Below are records; print only the lines from the line containing "ارسال ۲۰ کامیون" to the end, both included, reproduced exactly and without the pictures.

## Crawled caption data:
[Start of section]
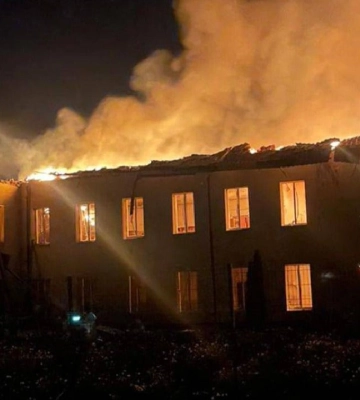 Війська РФ обстріляли два райони Дніпропетровщини: постраждав чоловік, є руйнування на території підприємства та ліцею. ФОТОрепортаж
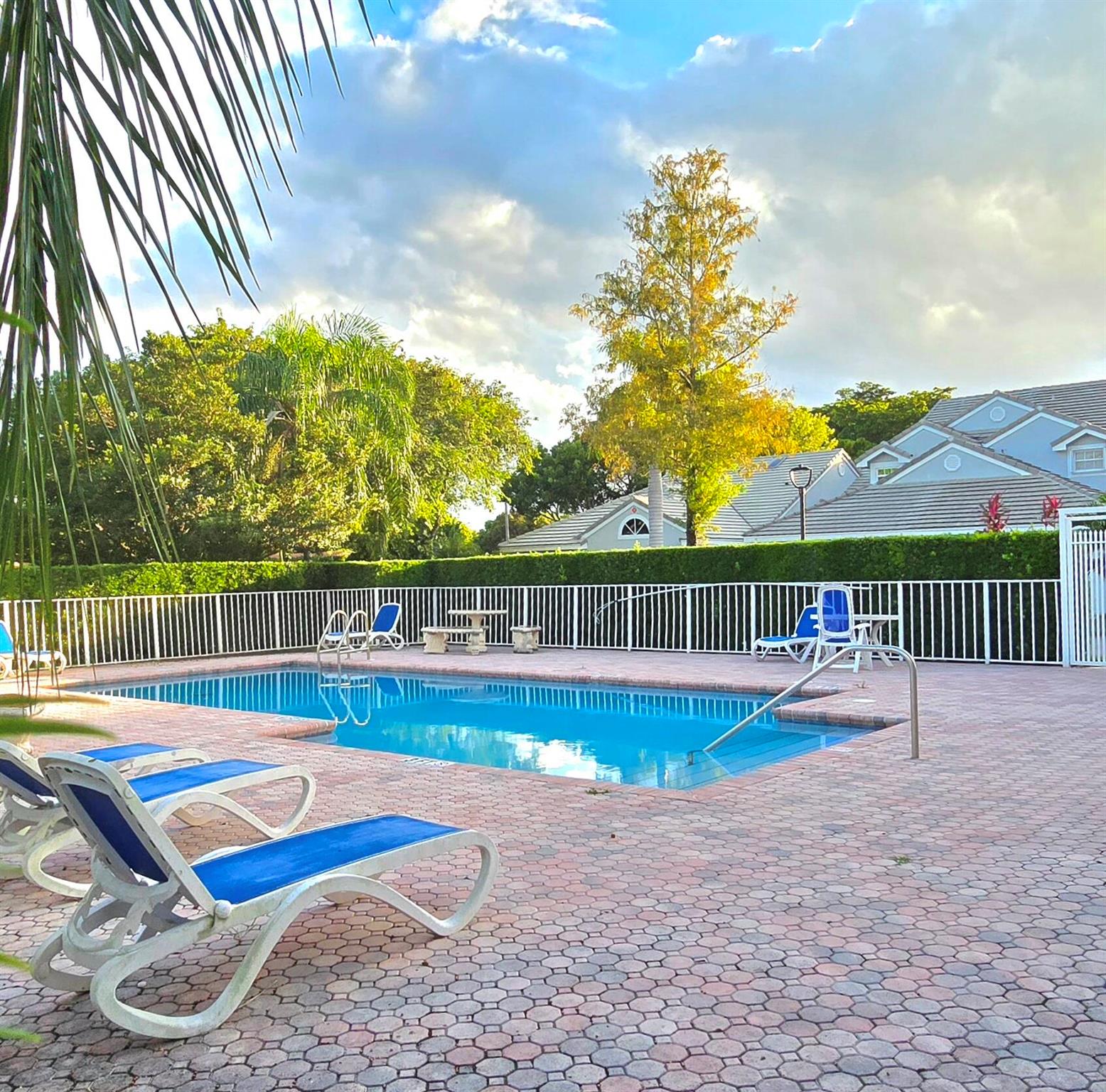 8707 Forest Hls Blvd #4-A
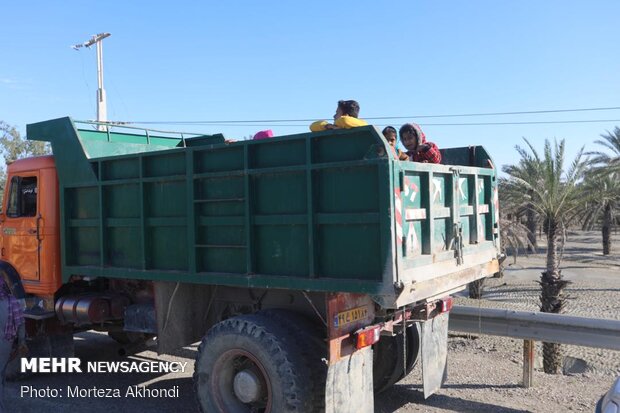 ارسال ۲۰ کامیون تجهیزات به مدارس سیستان و بلوچستان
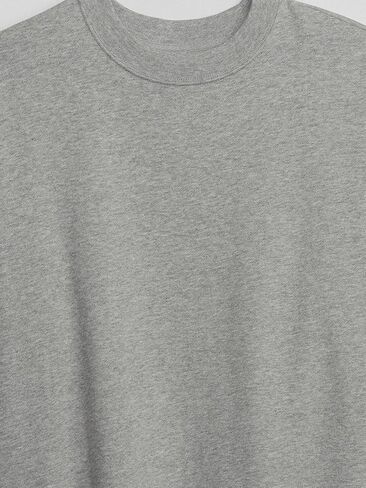 GAP Women's Relaxed Fit Fleece Crew in Saudi Arabia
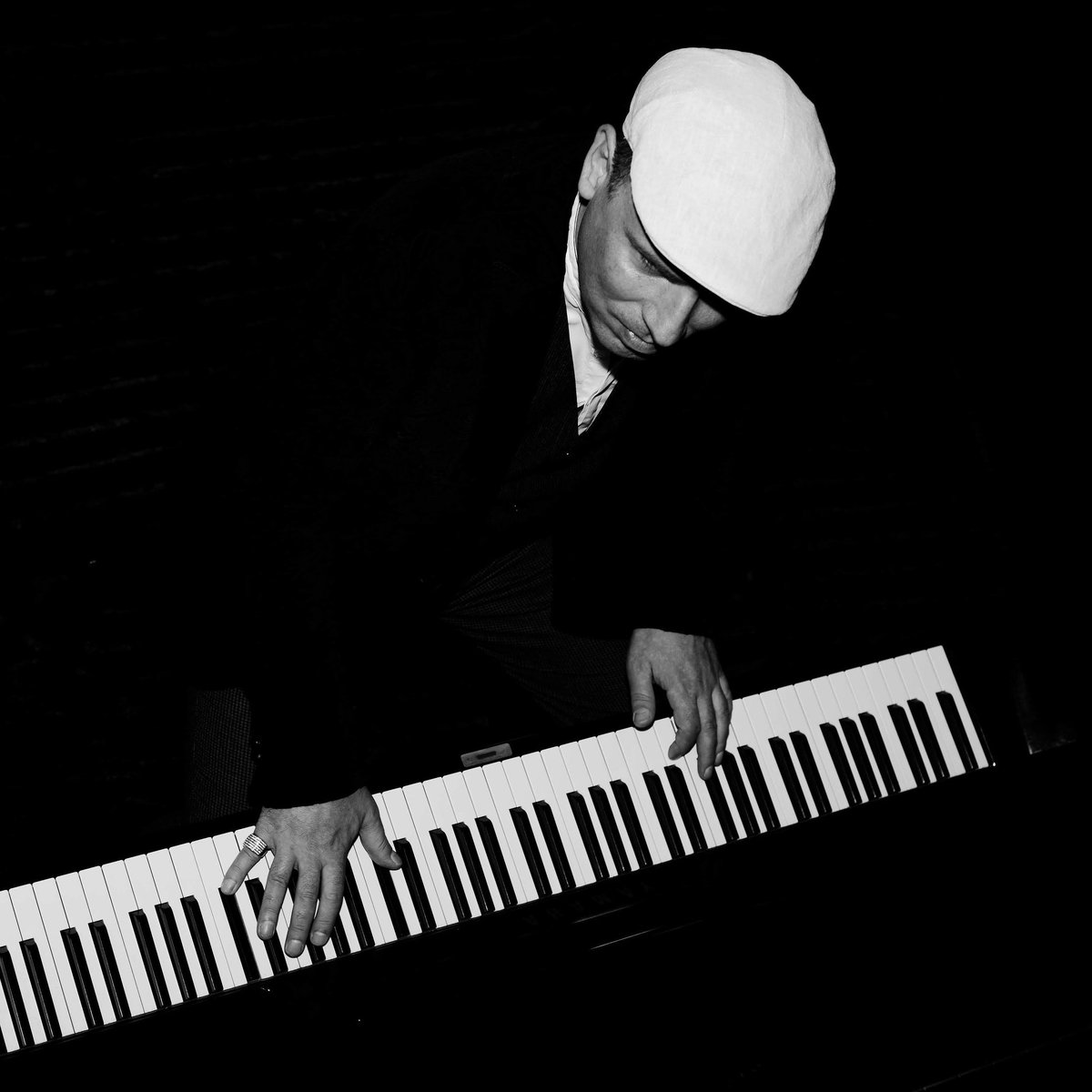 Basvanliermusic's tweet photo. #NieuweProfielfoto https://t.co/NpOJwsOqoc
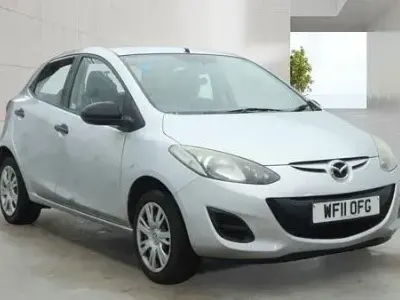 Used Mazda 2 84 HP (61 kW) 2011 Silver Hatchback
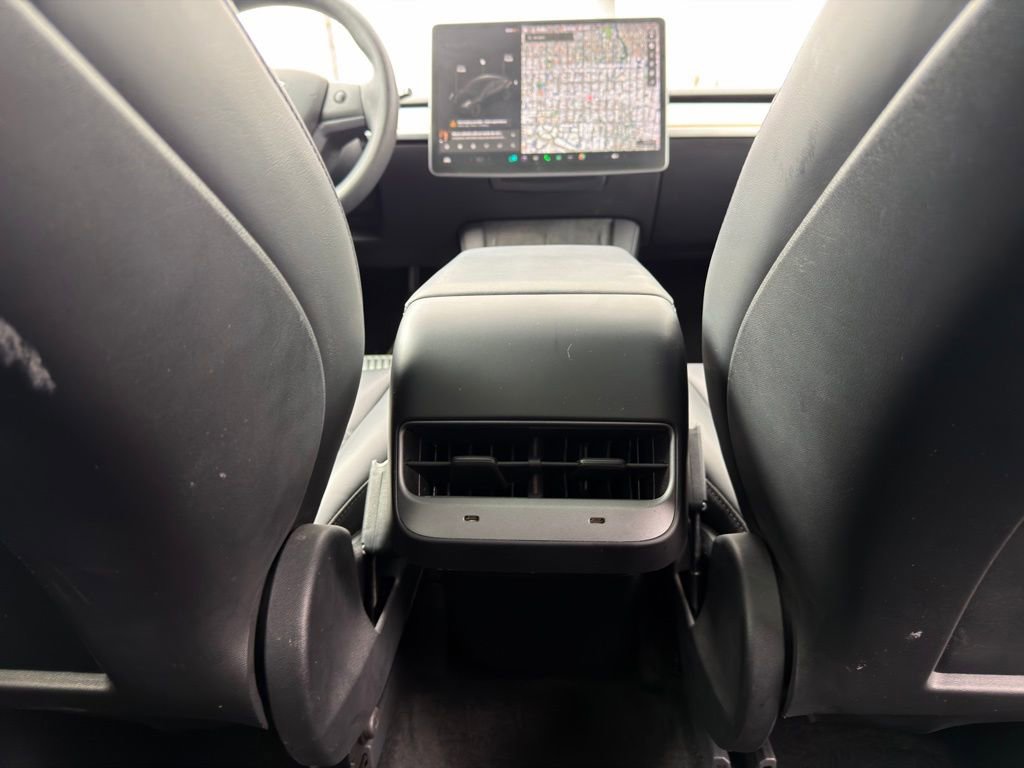Used 2021 Tesla Model Y Performance image 33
[End of section]
## Solution to this problem:
 ارسال ۲۰ کامیون تجهیزات به مدارس سیستان و بلوچستان
 GAP Women's Relaxed Fit Fleece Crew in Saudi Arabia
 Basvanliermusic's tweet photo. #NieuweProfielfoto https://t.co/NpOJwsOqoc
 Used Mazda 2 84 HP (61 kW) 2011 Silver Hatchback
Used 2021 Tesla Model Y Performance image 33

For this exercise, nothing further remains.